Urteil vom 3. Mai 2006
II. Zivilabteilung

Bundesrichter Raselli, Präsident,
Bundesrichterinnen Escher, Hohl,
Gerichtsschreiber Schett.

Konkursmasse des X.________,
Klägerin und Berufungsklägerin,
handelnd durch das Konkursamt E.________,
(a.o. Konkursverwaltung), dieses vertreten durch Rechtsanwalt Dr.
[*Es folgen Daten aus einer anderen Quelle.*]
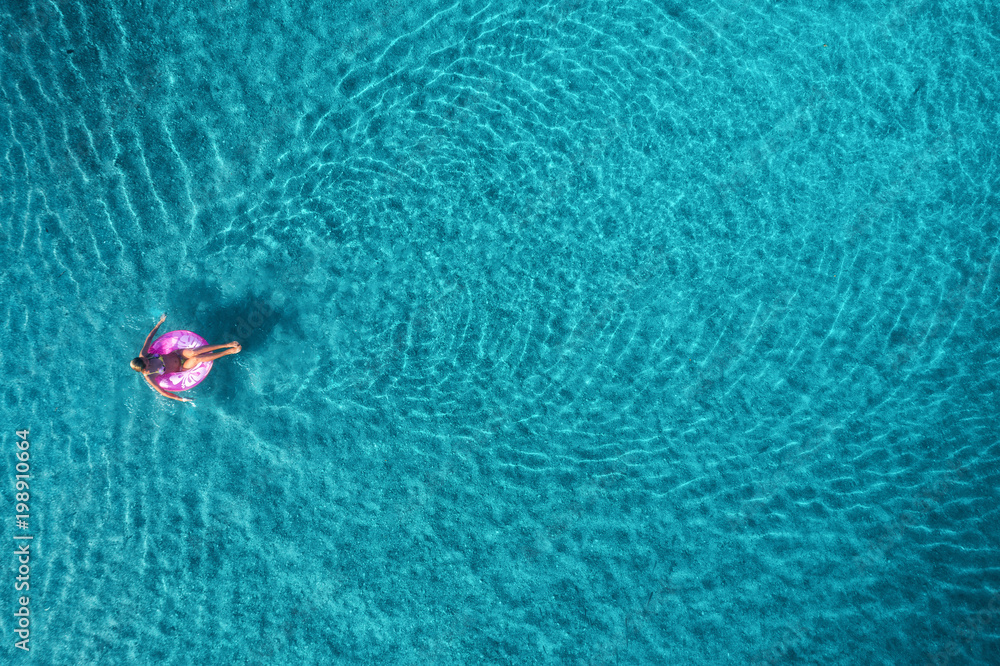 蓝色L，透明绿松石海中，年轻女子在粉色游泳圈上游泳的鸟瞰图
Beat Hess,

gegen

B.Y.________, Beklagte und Berufungsbeklagte, vertreten durch Rechtsanwältin
Barbara
Haas-Helfenstein,

Grundbuchberichtigung,
Berufung gegen den Entscheid des Obergerichts des Kantons Luzern, I. Kammer
als Appellationsinstanz,
vom 28. Dezember 2005.

Sachverhalt:

A.
A.a Am 14. Juni 1989 verkaufte A.Y.________ seinem Sohn C.Y.________ das
Grundstück Nr. 000/GB in Z.________, umfassend das Wohn- und Geschäftshaus
"D.________" in Z.________. In Ziffer 5 der öffentlichen Urkunde wurden unter
anderem folgende Bestimmungen aufgenommen:
"Der Käufer, für sich und seine Rechtsnachfolger, räumt dem Verkäufer sowie
dessen Ehefrau, B.Y.________, einzeln und gemeinsam ein lebenslängliches und
unentgeltliches Wohnrecht im Sinne von Art. 776 ZGB ein; das Wohnrecht endet
mit dem Ableben des zweitversterbenden Wohnberechtigten. Das Wohnrecht
erstreckt sich auf ...

Nach dem Ableben des ersten Wohnberechtigten ist der überlebende
Wohnberechtigte berechtigt, eine weitere Person unentgeltlich in die
vorgenannte Wohnung aufzunehmen.

Falls das Wohnrecht freiwillig oder unfreiwillig nicht mehr ausgeübt wird
bzw. werden kann, hat der Verkäufer den Wohnberechtigten bzw. dem
überlebenden Wohnberechtigten eine Entschädigung von Fr. 1'000.-- (Franken
eintausend) pro Monat, jeweils monatlich im voraus zahlbar, zu leisten. Diese
Entschädigung verändert sich nach Massgabe des Landesindexes für
Konsumentenpreise des BIGA ...

Mit Entstehung der obgenannten Entschädigungsforderung ist der
Wohnrechtsbelastete einseitig berechtigt, das Wohnrecht löschen zu lassen."
Das Wohnrecht wurde zu Lasten des Grundstückes Nr. 000/GB in Z.________ und
zu Gunsten von A. und B.Y.________ im Grundbuch eingetragen.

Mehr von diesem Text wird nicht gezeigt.